If you blinked last week, you may have missed the announcement from the World Endurance Championship that they will discontinue the age-old tradition of “grid girls” in 2015. For those unaware, grid girls are essentially young females dressed in attractive outfits, often scantily clad, who stand next to a racing car as it “grids” before a race begins. It’s a common tradition in motorsports, found in Formula 1, MotoGP, Pirelli World Challenge, and beyond.
One series who will not be on this list, however, is the premier category for sportscar racing, the World Endurance Championship. After carrying this tradition since the series began, in an effort to be more “progressive” the organizers have elected to drop the practice.
It has sparked some debate within the social media spheres, with some fans resisting the larger issue of political correctness, and other fans, most notably professionals clinging for relevance, who use this as an opportunity to grandstand on sexism in the sport.
With all of this being said, the issue has largely been ignored by the racing scene as a whole, and most likely for good reason: no one cares.
If we look at empirical data, research from every major series has shown a variety of “interest factors” in the sport, everything from the character of the drivers to the innovation in the vehicles… yet no fan mentions “grid girls” as their primary reason for coming.
In other words, it’s a non-issue. It’s hard to imagine fans won’t attend because there aren’t grid girls.

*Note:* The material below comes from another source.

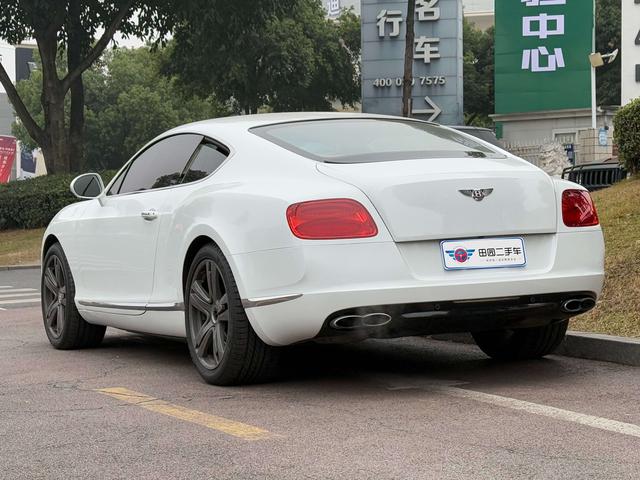 Bentley Continental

So if no one cares, then why abandon it?
Simply put, in a sport where female presence is becoming a larger and larger role in all forms of motorsport, the practice is simply antiquated. Within the last decade, we’ve seen: notable female drivers in every major form of motorsport, a number of female engineers and mechanics in a number of top of sportscar and NASCAR programs, but perhaps most notably, we’re seeing more and more C-level female executives within the top brands. Both Audi and Dodge/SRT have had their programs helmed by noteworthy female leaders, and even in Formula One we see a Female CEO running one of the longest-running teams in the sport. In the year 2015, it’s a tough practice to justify in front of decision makers such as these, and with no tangible influence on the fans, it doesn’t make sense to continue.
Beyond that, however, grid girls are actually a significant expense. In the Pirelli World Challenge, teams are required to foot the bill and arrangements for their grid girls. A traditional contract with local modeling agencies can often range between $200-400, not to mention the administrative and logistical processes to make it happen, and while this is a relative drop-in-the-bucket for most racing budgets, teams are in an era where they have to watch every dime… and this is an expense that is tough to justify.
That being said, it’s hard to believe that trackside models are going away entirely. Several entities within racing, most notably tire manufacturers and individual race teams, consider these models part of their brand, and within that it’s tough to imagine that series will outright ban this, they simply must move away from a series-required practice.
It’s a decision that seems inevitable and necessary, and likely something that won’t even be noticed once the WEC season kicks off this weekend.